It being spring, the rain tree's shed all its leaves, and I suppose I happened to look up as I do these mornings, and there, behind the bare branches, was the top half of Scorpio. The tail was tucked out of sight, which is a pity, but it was still gorgeous. Must find some other vantage point tomorrow morning.
 



Friday, January 21, 2011

The view from here

After the Bal-Dalrymple stand-off, with a brief digression via anonymous solutions to the problem of IWE, here's Mridula Koshy's essay from earlier this month:
Too many Indian writers are immured in the broad brushstroke approach to Indian-ness. A generation and more have expended energy on a sort of anthropological writing, handling as curiosities what would otherwise be mundane – bindis, bangles and arranged marriage. Deciding how much of an India unfamiliar to the west may enter a work if it is to find success abroad is a constantly negotiated question for the Indian writer in English. Like Hosseini, some of these writers are immigrants to the US, while others live for extended periods of time in the west. The migrant writer is in this case like other migrant workers, someone forced by the economics of a global marketplace to travel where the work is. But the writer is unlike any other worker in that his work is determined by its accountability to audience. If there is any substance to the notion of authenticity, it rests here in the question of accountability. Nadine Gordimer said of African writing, ‘One must look at the world from Africa, to be an African writer, not look upon Africa from the world.’ 

Read the whole thing. 

I always want to know how people define authentic and how they know it when they see it. Koshy's definition is certainly an interesting one; for another approach to the question of accountability see Rahul's post today on music, the arts, and funding. 

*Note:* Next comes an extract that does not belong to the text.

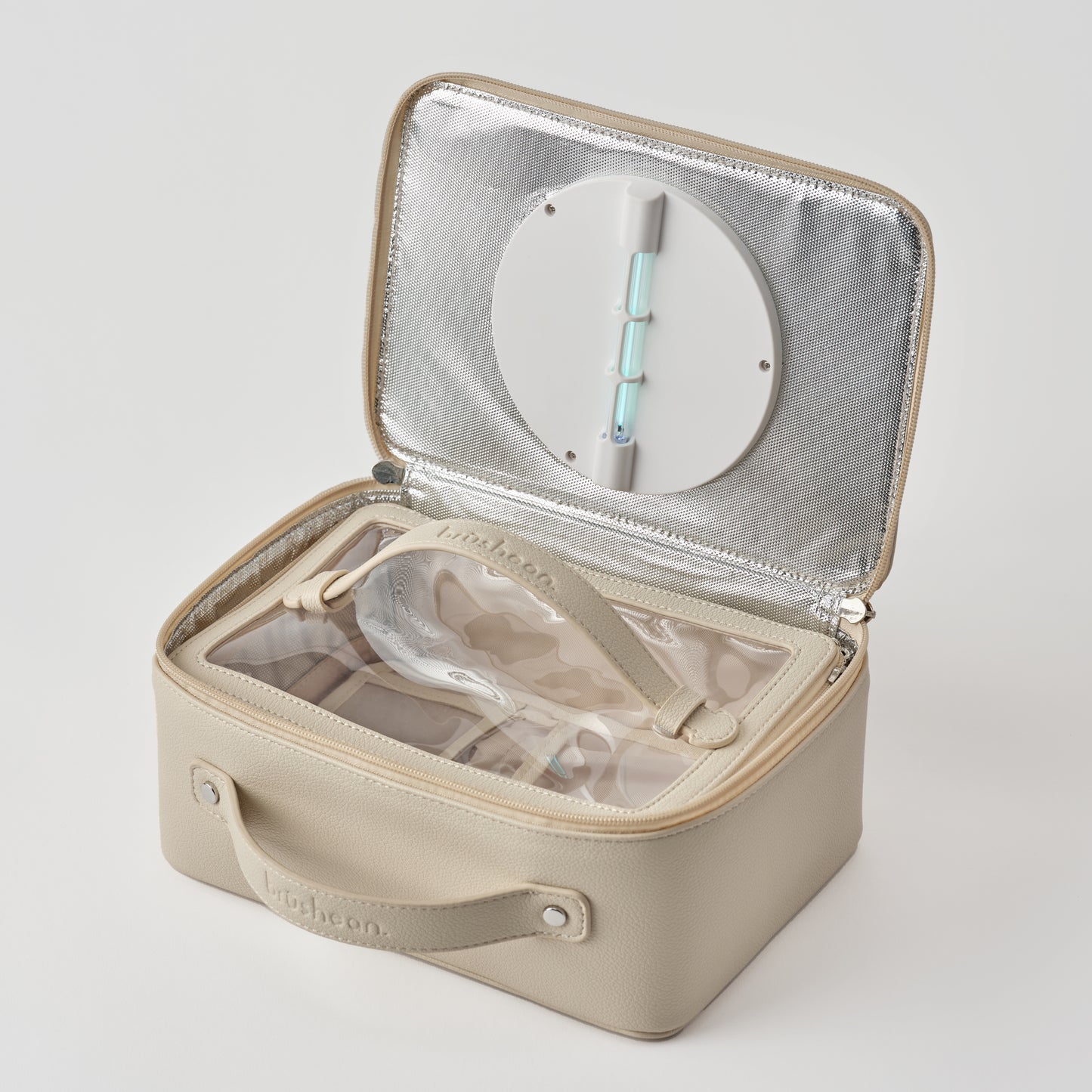 Brushean "Roro" Sanitizing Travel Case Set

More on this as and when. 

Sunday, January 16, 2011

An anonymous solution to the problem of IWE

This is an awesome solution, of the kind that only a post like Kuzhali Manickavel's can inspire.

Here is the comment in all its splendour:

ஐ தினக் போர் கிரேட்டர் ஆதேண்டிசிடி வீ ஷுட் ஜஸ்ட் ஸ்டார்ட் ரைடிங் இங்கிலீஷ் இன் தமிழ் லெட்டர்ஸ்.

தென் தீஸ் ஜெர்க் கிரிடிக்ஸ் வில் நாட் பாதர் அஸ்.

ஹாப்பி போரிஜ் டே.

For those who can't read (or figure) this out, Kuzhali has transliterated it in her comment below this one.

I lovelove. I want every day to be Happy Porridge Day!

Friday, January 14, 2011

Racism, Raj, Fake Palindromes

Ha. Hartosh Singh Bal's stirring up stuff again. Here's how:

1. Hartosh Singh Bal writes a piece titled 'The Literary Raj' about the Jaipur Lit Fest.

2. William Dalrymple (who HSB says is not the main point of the article but just look at that caricature, will you?) responds with a charge of racism.

3. Bal replies, asking if Dalrymple knows what racism means. He also responds obliquely to some of the comments in his original piece.

Me - I'm being [Opening the] Cage-y*about this.

Then, this review of Swar Thounaojam's new play, Fake Palindromes. (I've read the play and it's excellent. Looking forward to getting it here some time. Watch this space.)

But the review! C.K. Meena begins thus:
A midst the fresh crop of English-language playwrights in Bangalore, where are the female faces? Do all the young women stay at home raising poems while the young men go out hunting scripts? If you've asked yourself these questions, you would have found an answer last week at Ranga Shankara where Swar Thounaojam's “Fake Palindromes” was staged. 
Morgan (reprise): I have nothing to say and I'm saying it. 

What? I'm stayin' at home raising mah pomes. You want me to have opinions as well? 



*Probably the most searched-for post on this site, esp. since Morgan died.